I had 2 places in mind I wanted to visit- the Navajo Lake/Virgin Rim area of the Markagunt Plateau, and the Tushar Mountains East of Beaver. Both are areas I visited 5 years ago and have been meaning to get back to ever since, but schedules and such never gave me an opening the previous couple of summers. Here was my chance.
But checking with the Forest Service in Beaver, it turns out the higher altitudes in the Tushars weren’t melted out yet, so I mulled what to do. On that same trip 5 years ago, I visited a 3rd destination- the North Rim (Kaibab Plateau) of the Grand Canyon, but the Kaibab is far- maybe 8 hours driving from Salt Lake. In any case I knew I wanted to get a ride in before dark Friday evening, so I picked an initial destination that I could reach in time for a pre-sunset spin, and one I knew well, so as to not chew up time trailhead/route-finding: Red Canyon on the Paunsaugunt Plateau.
I’ve been to the Paunsaugunt both of the last 2 years, and blogged extensively about it. In 2008 I blogged about Pronghorns, Bristlecones and endemic/edpahic wildflowers. In 2009 I blogged about Bobcats and the plateau’s fascinating geologic history. So I’m not doing any new science this post, just a) sharing helmet-cam video of forests, geology and soils I’ve blogged about in those previous posts, and b) setting the stage for the Bachelor Weekend Parts 2&3 which will be chock-full of geology, botany, hydrology and excellent helmet-cam footage.
Note: I originally intended to do parts 1,2 and 3 all this week. As usual, I’m behind and plan to post parts 2 and 3 early next week.
Tangent: But first, a couple of observations on Bachelor Weekend Getaways. It’s funny how when you’re in your early 20’s and have no real relationship or family or career or pretty much any possessions except maybe a 10-year old car, and could take off pretty much anytime for a weekend or week or month living out of your car and kicking back in the woods, all you can think about is finding that special someone, having a family, becoming a superstar in your field, making gobs of money and having a nice big house. But then in your 40’s, when you have a wonderful spouse and family and job and a big house and plenty (if not “gobs”*) of money, as soon as a free weekend rears its head, pretty much all you think of is… taking off for a weekend in your 10-year car** and kicking back in the woods. Isn’t that weird?

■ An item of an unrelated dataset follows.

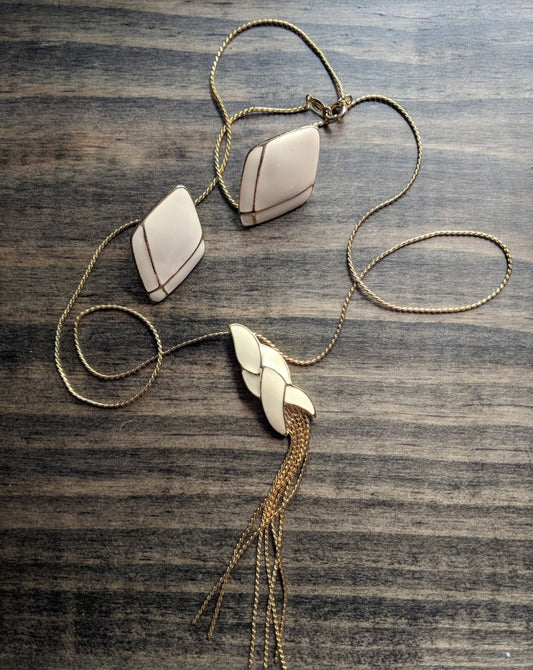 Vintage 80s Direction One Tassel Necklace & Un - Signed Earrings - Dirty30 Vintage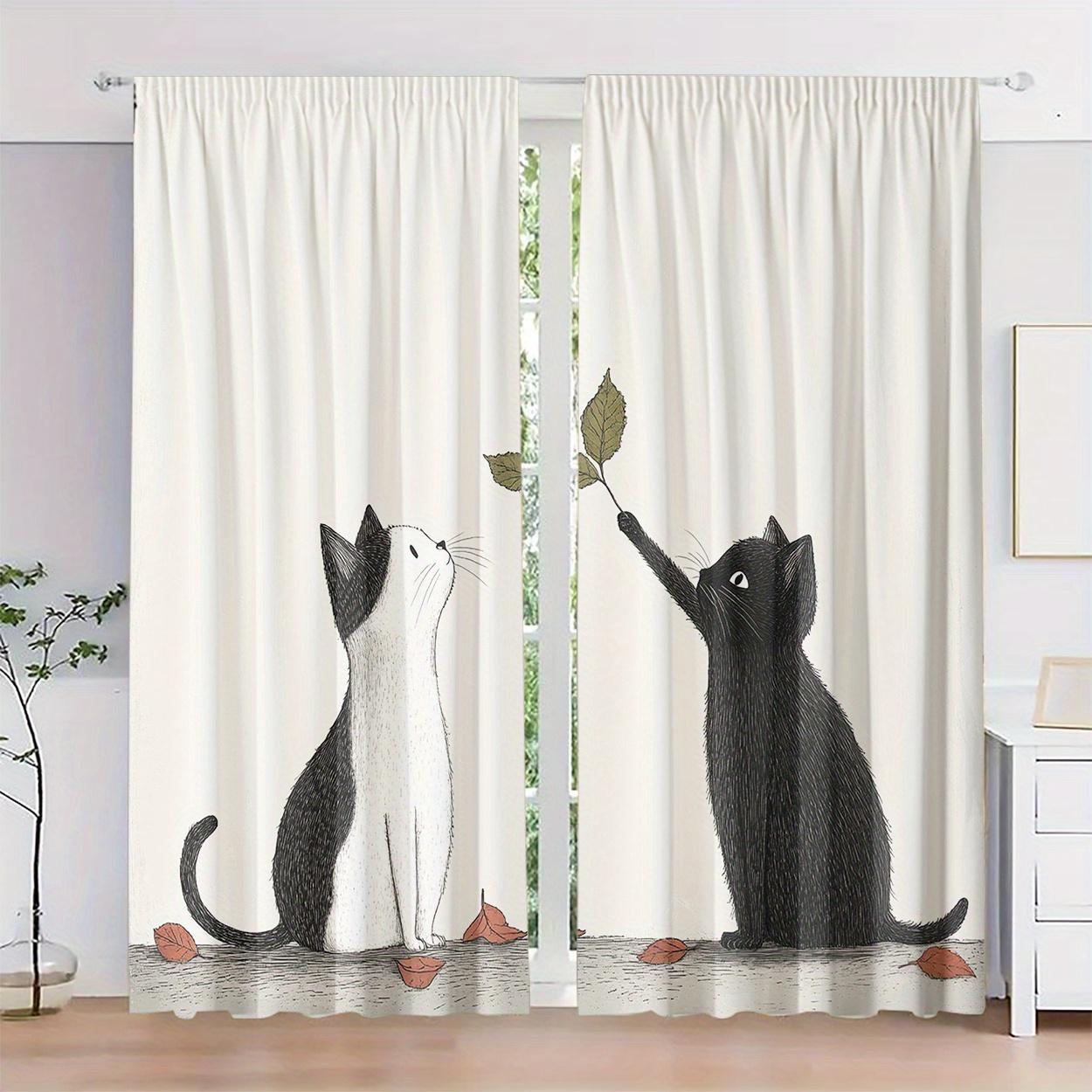 2 Panels Cat Print Curtains Cartoon Animal Drapes Polyester Kids Room Bedroom Living Room Home Decor 60×150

*Although, if someone went back in time and told me in my 20’s how much money I’d have today, I’d be like, “Wow!” and it would have sounded like more money than I could have ever spent, because if I’d had enough money back then to buy a trailer and pay utilities for the next 10 years, I never would’ve bothered getting a job. The annoying Catch-22 of growing up is that although your income rises dramatically, so does your standard of living. The secret of financial independence is to have a 50 year-old’s income and a 20 year-old’s standard of living.
**Actually my car is 11 years old, and will be the subject of a tangent in Part 2.
My second observation is that, although many of my friends are plenty adventurous, and love a good backcountry adventure, almost none of them (with the notable and occasional exception of Arizona Steve) do solo getaways. Why is that? Oh, I know what you’re thinking, assuming you don’t know me in real life- that I am some misanthropic cranky weirdo Unabomber-type who has a problem being around other people. But that is totally not the case: I make a living in sales, am very outgoing, and if you met me in real life, you’d be like, “Hey, what a nice, friendly, outgoing guy…” Or maybe you’d be like, “Oh man, what a loud-mouth- the guy never shuts up.” But one thing is for sure, you’d never say, “That guy is a totally shy misanthropic Kaczynski-esque* hermit.” So my question is, why don’t more people do solo trips?
*And to be clear, I do not have a manifesto. Although if you took all the tangents from all my posts and put them together, it could be the Mother Of All Manifestos. BTW, one of AW’s best pieces of dating advice to single female friends is: Stay away from any guy who has a manifesto.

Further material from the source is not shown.